## What to produce
Up to and including the line holding "Marion County Sheriff'S Office", write out the data exactly from its first line, but not the pictures.

## Data under study
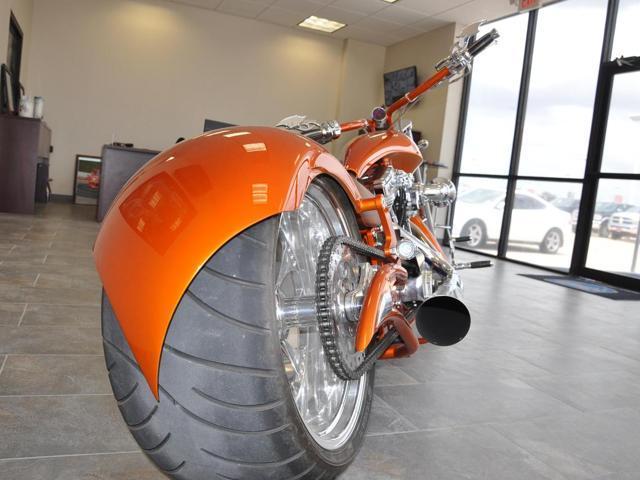 Used-2007-Big-Bear-Chopper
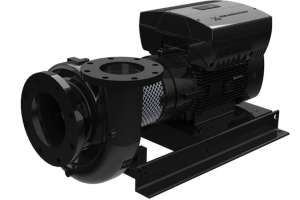 Product Focus: Hydronic Heating Systems – Pipe, Pumps & Tubing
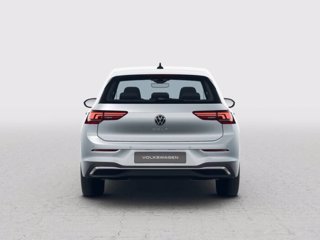 VOLKSWAGEN Golf 2.0 TDI 150 CV DSG SCR Style 3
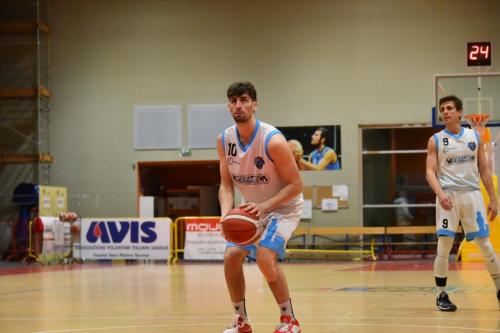 olimpia-vasto-31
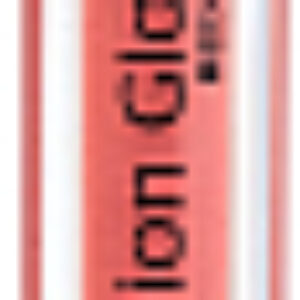 Блеск для губ Fashion Gloss Мода Милана тон 03 21век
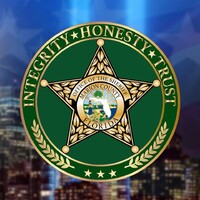 Marion County Sheriff'S Office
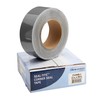 DICOR CORP CS200B-1 Corner Seal Tape,1 Pack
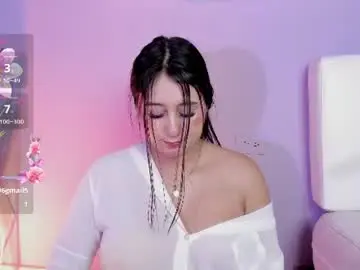 Chaturbate Watch Live Sex Cams of allison_peach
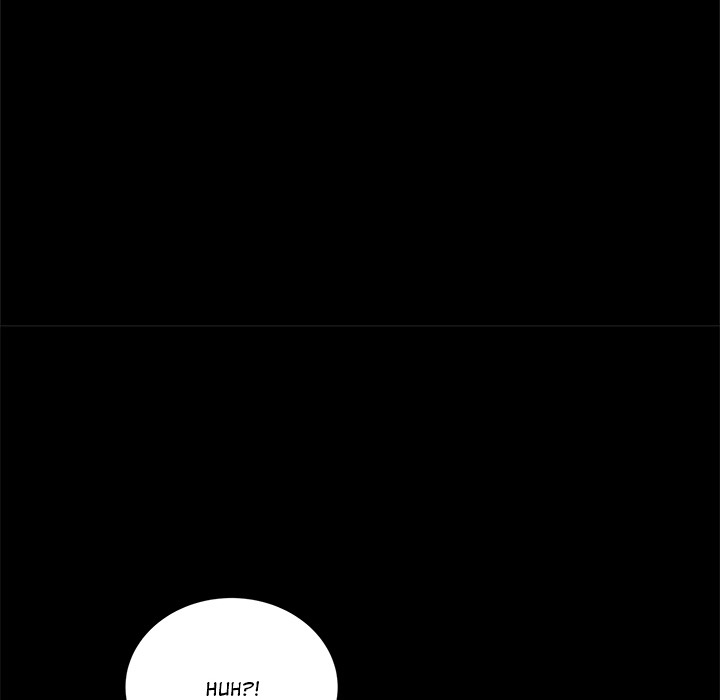 Tell Me the Future Chap Chapter 1-Tell Me the Future - Next Chap 2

## Solved problem
 Used-2007-Big-Bear-Chopper
 Product Focus: Hydronic Heating Systems – Pipe, Pumps & Tubing
 VOLKSWAGEN Golf 2.0 TDI 150 CV DSG SCR Style 3
 olimpia-vasto-31
 Блеск для губ Fashion Gloss Мода Милана тон 03 21век
 Marion County Sheriff'S Office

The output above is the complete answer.